* **TASK DESCRIPTION**
Filter on the word "first": copy each matching line from the listing below.
--------------------
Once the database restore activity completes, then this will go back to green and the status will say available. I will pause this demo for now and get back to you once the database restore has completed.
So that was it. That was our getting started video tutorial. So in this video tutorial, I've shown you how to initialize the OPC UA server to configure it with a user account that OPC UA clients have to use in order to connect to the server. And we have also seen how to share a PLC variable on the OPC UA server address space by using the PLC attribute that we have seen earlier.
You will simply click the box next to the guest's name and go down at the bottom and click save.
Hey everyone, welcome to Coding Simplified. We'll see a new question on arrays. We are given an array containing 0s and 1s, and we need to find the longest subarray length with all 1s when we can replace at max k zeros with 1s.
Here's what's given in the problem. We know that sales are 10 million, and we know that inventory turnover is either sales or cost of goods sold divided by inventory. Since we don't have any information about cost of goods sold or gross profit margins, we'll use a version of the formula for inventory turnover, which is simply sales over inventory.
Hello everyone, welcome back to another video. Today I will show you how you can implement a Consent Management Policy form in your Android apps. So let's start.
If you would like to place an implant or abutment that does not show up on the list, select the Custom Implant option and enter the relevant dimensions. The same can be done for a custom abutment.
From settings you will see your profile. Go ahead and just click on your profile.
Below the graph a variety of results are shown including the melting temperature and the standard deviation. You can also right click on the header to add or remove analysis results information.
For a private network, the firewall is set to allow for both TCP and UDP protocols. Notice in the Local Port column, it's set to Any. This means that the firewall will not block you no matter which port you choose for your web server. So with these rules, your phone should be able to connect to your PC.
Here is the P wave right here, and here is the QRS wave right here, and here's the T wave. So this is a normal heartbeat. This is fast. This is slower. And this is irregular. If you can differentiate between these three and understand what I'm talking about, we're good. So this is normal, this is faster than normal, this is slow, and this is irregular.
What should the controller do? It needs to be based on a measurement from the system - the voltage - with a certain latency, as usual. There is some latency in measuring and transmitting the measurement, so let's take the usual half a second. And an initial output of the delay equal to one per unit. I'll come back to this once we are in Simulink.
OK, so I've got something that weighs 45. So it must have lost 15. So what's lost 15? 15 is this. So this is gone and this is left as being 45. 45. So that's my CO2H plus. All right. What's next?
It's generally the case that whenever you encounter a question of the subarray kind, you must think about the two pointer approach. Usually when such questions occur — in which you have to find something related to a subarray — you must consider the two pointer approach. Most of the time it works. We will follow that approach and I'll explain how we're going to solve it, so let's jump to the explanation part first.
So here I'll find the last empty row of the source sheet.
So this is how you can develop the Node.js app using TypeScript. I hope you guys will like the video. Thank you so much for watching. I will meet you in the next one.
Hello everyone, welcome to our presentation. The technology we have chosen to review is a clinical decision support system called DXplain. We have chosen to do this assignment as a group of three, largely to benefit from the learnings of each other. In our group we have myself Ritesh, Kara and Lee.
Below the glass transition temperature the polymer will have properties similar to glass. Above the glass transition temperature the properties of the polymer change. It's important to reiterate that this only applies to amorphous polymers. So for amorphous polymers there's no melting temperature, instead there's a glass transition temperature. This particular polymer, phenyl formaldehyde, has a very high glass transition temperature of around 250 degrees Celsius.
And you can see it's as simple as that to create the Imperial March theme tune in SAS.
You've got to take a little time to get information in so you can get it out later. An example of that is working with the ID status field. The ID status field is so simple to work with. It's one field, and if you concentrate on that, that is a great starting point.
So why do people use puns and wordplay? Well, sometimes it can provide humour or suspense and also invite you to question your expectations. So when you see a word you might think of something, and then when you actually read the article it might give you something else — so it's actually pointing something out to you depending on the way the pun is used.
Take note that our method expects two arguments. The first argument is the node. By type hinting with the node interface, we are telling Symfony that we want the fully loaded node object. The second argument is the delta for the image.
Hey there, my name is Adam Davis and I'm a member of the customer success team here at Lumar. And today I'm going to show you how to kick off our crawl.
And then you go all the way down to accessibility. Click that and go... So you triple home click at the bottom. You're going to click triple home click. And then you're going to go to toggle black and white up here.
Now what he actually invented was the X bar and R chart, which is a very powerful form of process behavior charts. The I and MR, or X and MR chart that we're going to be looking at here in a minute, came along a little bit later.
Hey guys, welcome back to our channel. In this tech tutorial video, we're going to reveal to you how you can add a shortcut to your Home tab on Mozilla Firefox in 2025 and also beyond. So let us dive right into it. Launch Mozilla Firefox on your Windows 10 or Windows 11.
--------------------
* **ANSWER TO THIS EXERCISE**
It's generally the case that whenever you encounter a question of the subarray kind, you must think about the two pointer approach. Usually when such questions occur — in which you have to find something related to a subarray — you must consider the two pointer approach. Most of the time it works. We will follow that approach and I'll explain how we're going to solve it, so let's jump to the explanation part first.
Take note that our method expects two arguments. The first argument is the node. By type hinting with the node interface, we are telling Symfony that we want the fully loaded node object. The second argument is the delta for the image.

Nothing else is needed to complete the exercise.